Interrogé sur la décision de François de Rugy, président de l'Assemblée d'interdire notamment les signes religieux ostensibles en séance, Sylvain Maillard dit approuver ce choix : L'Assemblée "doit être un endroit de neutralité (...) On peut dire ce que l'on veut, c'est essentiel pour la démocratie, mais il faut une neutralité des tenues". Au-delà des signes religieux, cette exigence vise l'attitude de certains députés de La France insoumise.

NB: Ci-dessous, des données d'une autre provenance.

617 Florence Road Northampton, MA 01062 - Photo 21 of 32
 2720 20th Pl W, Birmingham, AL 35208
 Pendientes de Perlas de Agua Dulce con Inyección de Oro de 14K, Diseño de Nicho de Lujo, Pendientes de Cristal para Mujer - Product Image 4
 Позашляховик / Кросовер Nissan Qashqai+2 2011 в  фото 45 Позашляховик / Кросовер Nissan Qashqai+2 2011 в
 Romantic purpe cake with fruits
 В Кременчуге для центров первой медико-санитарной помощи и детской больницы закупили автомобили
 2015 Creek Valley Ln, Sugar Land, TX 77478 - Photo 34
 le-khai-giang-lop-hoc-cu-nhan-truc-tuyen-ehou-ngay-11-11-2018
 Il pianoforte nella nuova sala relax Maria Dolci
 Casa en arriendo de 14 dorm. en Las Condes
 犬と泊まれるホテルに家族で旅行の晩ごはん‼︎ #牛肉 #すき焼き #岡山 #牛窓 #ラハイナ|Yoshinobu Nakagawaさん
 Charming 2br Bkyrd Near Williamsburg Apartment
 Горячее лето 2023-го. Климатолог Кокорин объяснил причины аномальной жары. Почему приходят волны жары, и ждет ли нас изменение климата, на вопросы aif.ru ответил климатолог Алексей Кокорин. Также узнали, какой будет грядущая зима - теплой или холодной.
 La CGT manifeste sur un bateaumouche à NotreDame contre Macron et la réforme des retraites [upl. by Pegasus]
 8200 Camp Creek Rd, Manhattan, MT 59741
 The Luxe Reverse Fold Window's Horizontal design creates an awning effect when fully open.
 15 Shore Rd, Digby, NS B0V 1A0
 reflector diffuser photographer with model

L'Assemblée "ce ne peut être une foire médiatique (...) on est là dans un endroit politique pour faire de la politique."
 

Fonction publique: "il faut sortir de cette idée de statut qui nous bloque"

Une semaine après les annonces du Premier ministre sur la réforme à venir de la fonction publique, Sylvain Maillard estime "qu'il faut qu'on puisse sortir de cette idée de statut qui nous bloque (...) Je travaille 7-8 ans dans une administration puis je vais travailler dans une entreprise (...) C'est ça une carrière moderne au XXIe siècle." "Quand on est au service de l'État on a une mission de service publique et le statut doit assurer la bonne exécution de ce service. Il ne faut pas inverser les choses" ajoute-t-il.
 

"Prendre le temps de voie si la loi Claeys-Leonetti est bien appliquée"

"Faut-il promouvoir l'euthanasie ? Chacun peut avoir un avis" estime le député. La priorité est pour lui "de prendre le temps de voir si la loi Claeys-Leonetti est bien appliquée sur le terrain." Les Etats généraux de la bioéthique qui s'ouvrent doivent permettre cela et d'avoir un large débat estime-t-il. "À titre personnel je n'ai pas un avis tranché et mes collègues de la commission sociale n'ont pas un avis tranché (...) On a besoin de toute cette année 2018 pour avancer, se faire une intime conviction" conclut Sylvain Maillard.